Friday, March 02, 2012 02:14 PM

Prince George, B.C. - The College of New Caledonia’s Board of Governors has voted in favour  of raising tuition by 2% for the 2012/13 academic year.
The move is estimated to generate about $100,000 for the college. “It will help somewhat, but we still have a lot of work to do,” CNC President John Bowman said. “A 2% tuition increase will work out to about an additional $5 per course or about $50 per year for full-time students, depending upon their program of studies.”


The college is working to resolve a potential $2.3 million budget shortfall for the 2012/13 fiscal year, due to rising costs and declining income from tuition revenue and status quo government funding, which was outlined in the provincial budget last month.


The preliminary budget decisions recommended to the board include: reallocation of unused budget amounts in a number of areas; inclusion of additional and deferred revenues; non-replacement of some vacant full-time administrative, faculty and staff positions; some consolidation of low enrolment class sections and reductions to low enrolment courses; improved class scheduling; and reductions to expenditures for equipment.

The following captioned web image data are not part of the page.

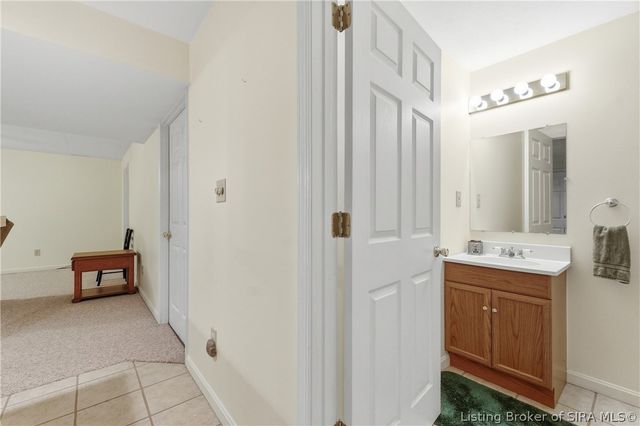 3512 Gander Drive, Jeffersonville, IN 47130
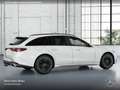 Mercedes-Benz E 300 de T 4M Hybrid AMG Fahrass 360° Pano Distr. Weiß - thumbnail 20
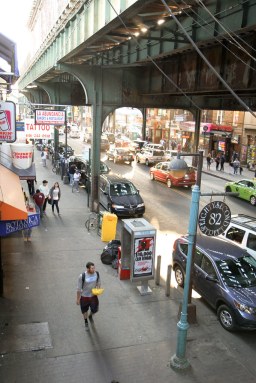 Informe confirma que la floreciente economía de Jackson Heights está impulsada por inmigrantes y pequeñas empresas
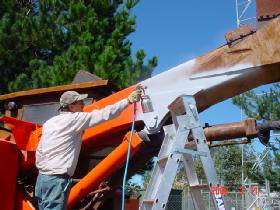 Nangwarry Forestry And Logging Museum - Tourism Cairns 0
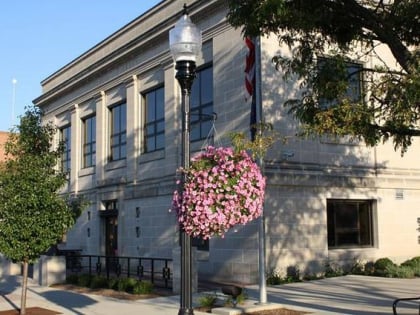 logansport cass county public library
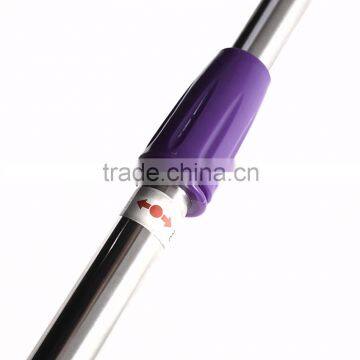 Floor Magic Purple 360 Spin Mop Bucket photo-5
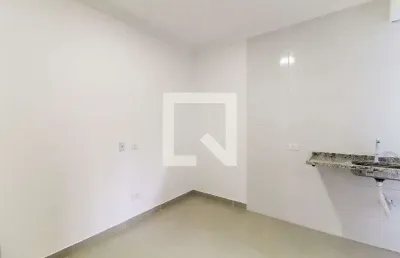 Apartamento com 1 quarto à venda na Rua Doutor Fomm, --, Belém, São Paulo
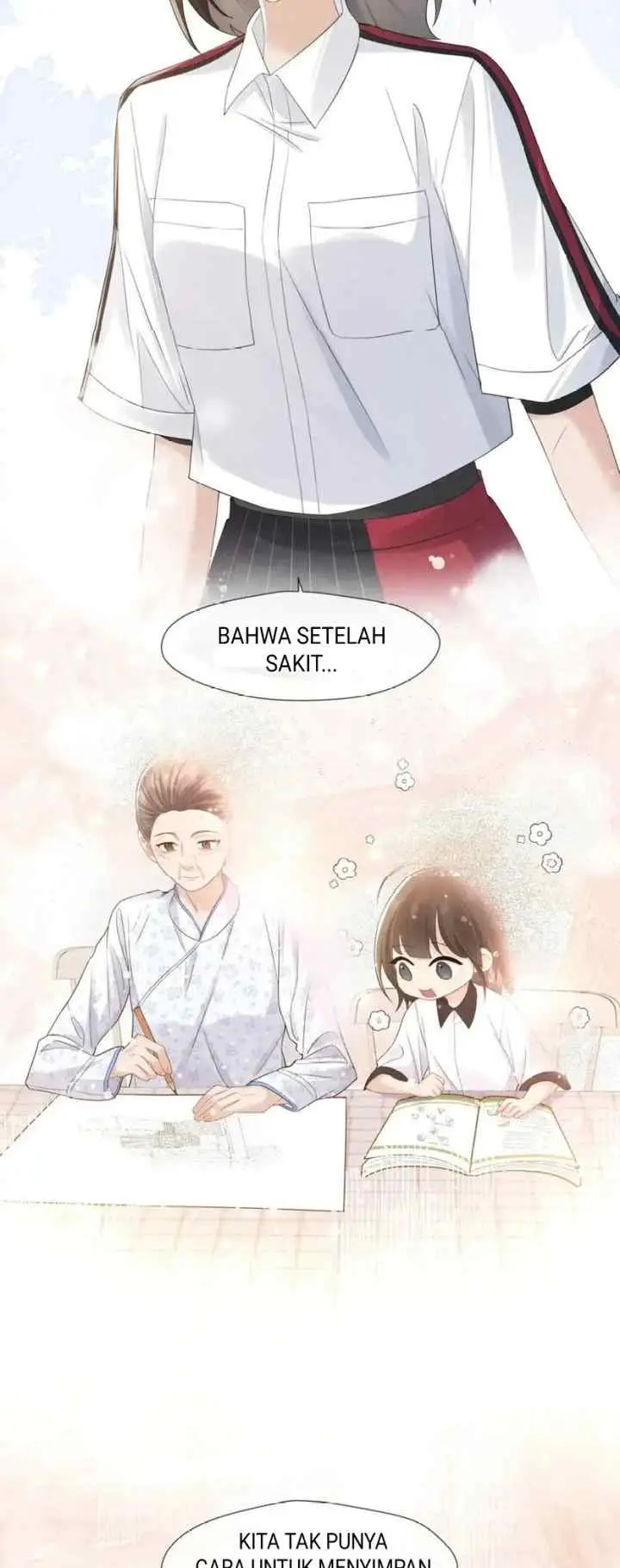 Link Click Shiguang Dailiren chapter 24 halaman 7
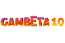 Gambeta10 Casino logo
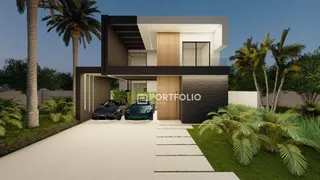 Casa de Condomínio com 6 Quartos à venda, 218m² no Jardins Capri, Senador Canedo - Foto 7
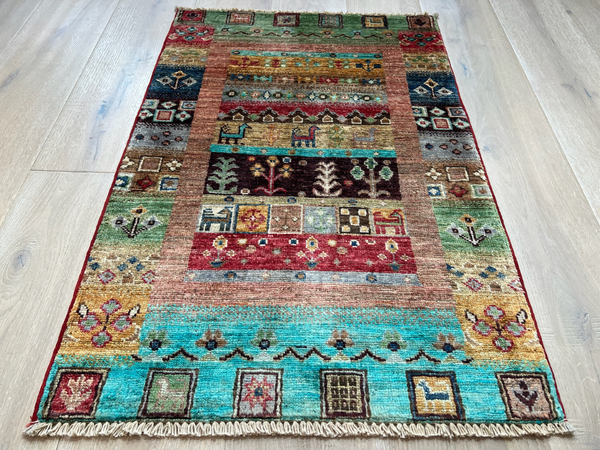 Nomad Rug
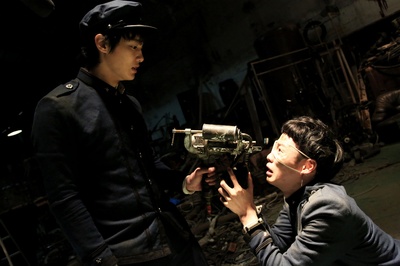 荔枝光俱乐部剧照的剧照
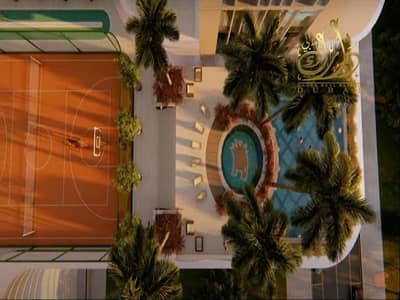 3 Bedroom Flat for Sale in Jumeirah Village Triangle (JVT), Dubai - 9. jpg
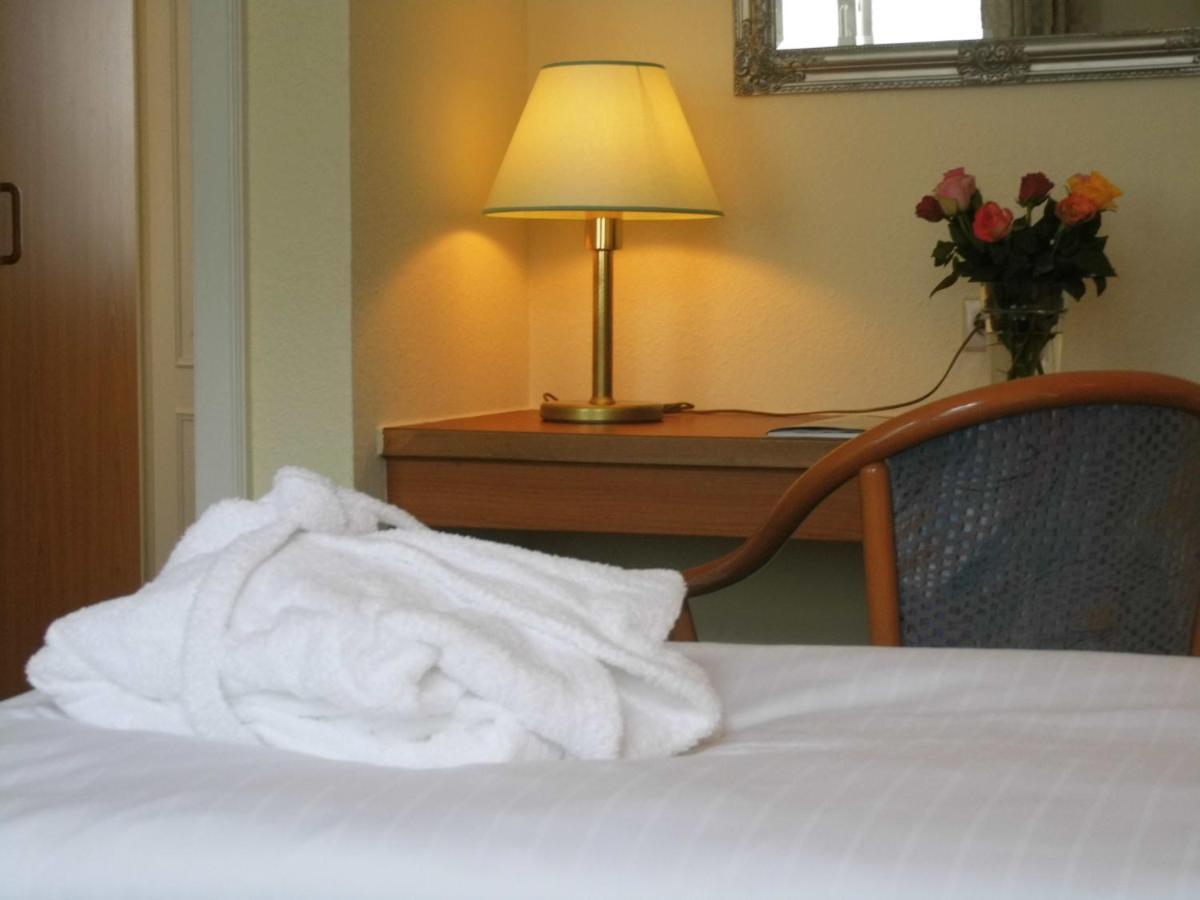Marin Hotel Sylt Gmbh فيسترلاند المظهر الخارجي الصورة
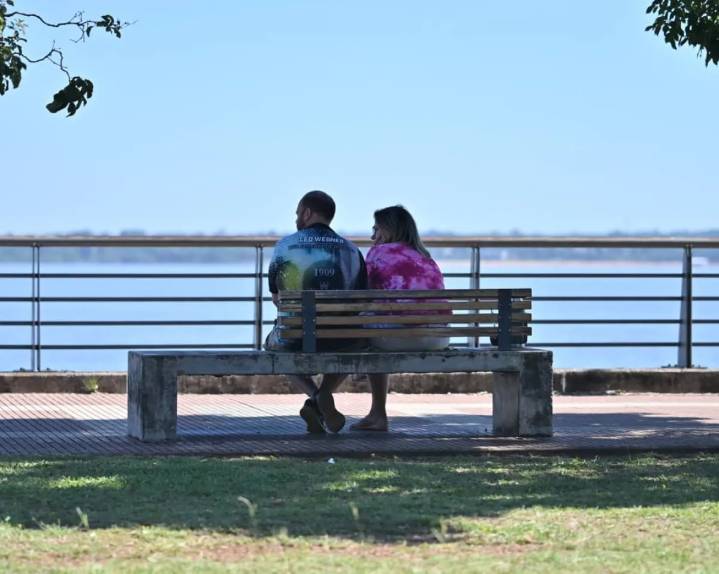 Ola de calor en Misiones: alerta por calor extremo, altos índices de rayos UV y riesgo de insolación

“It’s too early to say if there will actually be layoffs,” Bowman said. “We will be seeking to utilize early retirement and voluntary severance options to mitigate the impact on employees.” No suspensions or cancellations of existing services or educational programs are being proposed. “Overall, the impact to students, programs and services will be minimal,” Bowman said. If layoff notices must be issued to employees, they would be communicated to effected employees by March 31, as required in the college’s collective agreement with the faculty union.


The final college budget is to be submitted for approval at the April 27th regular board meeting.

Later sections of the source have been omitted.